Born and raised in North Carolina, I moved to Nashville for graduate school in 2015. I received my Doctorate in Physical Therapy from Belmont University and my Equine Rehabilitation certification (CERP) from The University of Tennessee in Knoxville in 2018. I am also a PATH certified therapeutic riding instructor and I provide PT services utilizing hippotherapy for children at a local PATH Intl. facility. I currently live in Madison, TN and travel throughout middle TN (and sometimes beyond, just ask!) providing physical therapy services.

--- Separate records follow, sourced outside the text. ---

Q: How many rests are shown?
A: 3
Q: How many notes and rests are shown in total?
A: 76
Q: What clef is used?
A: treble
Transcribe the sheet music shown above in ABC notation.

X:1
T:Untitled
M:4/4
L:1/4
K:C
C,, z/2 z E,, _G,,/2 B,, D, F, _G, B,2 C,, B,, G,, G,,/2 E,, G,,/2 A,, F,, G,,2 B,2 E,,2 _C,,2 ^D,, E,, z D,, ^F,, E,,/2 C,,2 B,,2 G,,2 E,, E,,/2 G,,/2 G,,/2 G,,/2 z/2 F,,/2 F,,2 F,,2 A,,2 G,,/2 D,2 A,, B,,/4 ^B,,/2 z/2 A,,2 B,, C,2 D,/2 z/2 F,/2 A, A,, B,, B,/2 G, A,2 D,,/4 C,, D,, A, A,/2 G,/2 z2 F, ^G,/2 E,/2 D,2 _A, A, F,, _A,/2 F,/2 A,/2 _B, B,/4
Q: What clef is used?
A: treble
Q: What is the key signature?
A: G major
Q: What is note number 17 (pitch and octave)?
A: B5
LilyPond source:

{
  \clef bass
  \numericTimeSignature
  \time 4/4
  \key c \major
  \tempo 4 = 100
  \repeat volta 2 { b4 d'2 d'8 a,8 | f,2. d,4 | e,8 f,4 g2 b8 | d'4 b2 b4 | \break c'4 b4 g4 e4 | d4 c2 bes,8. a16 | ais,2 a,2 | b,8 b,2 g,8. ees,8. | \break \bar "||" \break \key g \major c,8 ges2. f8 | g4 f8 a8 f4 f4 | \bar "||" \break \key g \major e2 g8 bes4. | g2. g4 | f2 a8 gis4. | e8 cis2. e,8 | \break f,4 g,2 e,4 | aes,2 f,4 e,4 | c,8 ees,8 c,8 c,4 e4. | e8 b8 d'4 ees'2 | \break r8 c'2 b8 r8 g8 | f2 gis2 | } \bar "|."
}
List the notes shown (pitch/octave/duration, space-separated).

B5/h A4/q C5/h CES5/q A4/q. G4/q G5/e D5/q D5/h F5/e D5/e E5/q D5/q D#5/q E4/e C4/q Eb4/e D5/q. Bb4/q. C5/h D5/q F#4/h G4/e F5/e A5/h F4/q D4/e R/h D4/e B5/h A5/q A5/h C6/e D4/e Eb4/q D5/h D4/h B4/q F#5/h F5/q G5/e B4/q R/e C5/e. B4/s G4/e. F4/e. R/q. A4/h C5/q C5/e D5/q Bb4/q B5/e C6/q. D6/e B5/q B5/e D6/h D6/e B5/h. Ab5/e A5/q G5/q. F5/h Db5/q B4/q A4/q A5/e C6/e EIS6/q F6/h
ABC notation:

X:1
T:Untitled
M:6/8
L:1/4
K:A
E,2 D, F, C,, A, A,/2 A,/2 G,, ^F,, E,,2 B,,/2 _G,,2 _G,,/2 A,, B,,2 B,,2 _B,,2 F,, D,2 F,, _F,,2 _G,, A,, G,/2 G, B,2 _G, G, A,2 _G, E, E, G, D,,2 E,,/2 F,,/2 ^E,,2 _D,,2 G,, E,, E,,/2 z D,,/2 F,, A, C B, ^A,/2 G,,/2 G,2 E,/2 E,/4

Physical therapy for people is now the norm after injury, surgery, neurological disease, to prevent future injuries or need for surgery, and even for performance enhancement for athletes. I believe the same should be true for horses. Physical therapy can increase strength, increase range of motion, reduce pain, improve function, prevent future injury and prevent the need for costly and invasive surgical procedures. PT can even help solve many common behavioral problems that are often related to pain such as girthiness, reluctance to bend, reluctance to turn, kicking out when asked to trot or canter, and the list goes on! I will work with your veterinarian to develop a plan tailored to your goals and your equine companion’s specific needs.

Do you have pain during or after riding? Do you have difficulty sitting the trot, keeping your heels down, or staying balanced through transitions? I can help with that, too! Many times our own asymmetries and weaknesses will cause similar changes in our horses that manifest as things like behavioral problems, difficulty picking up the correct lead, or poor impulsion. Unfortunately with horses, things are always our fault. Often fixing the rider is the most important step towards fixing the horse!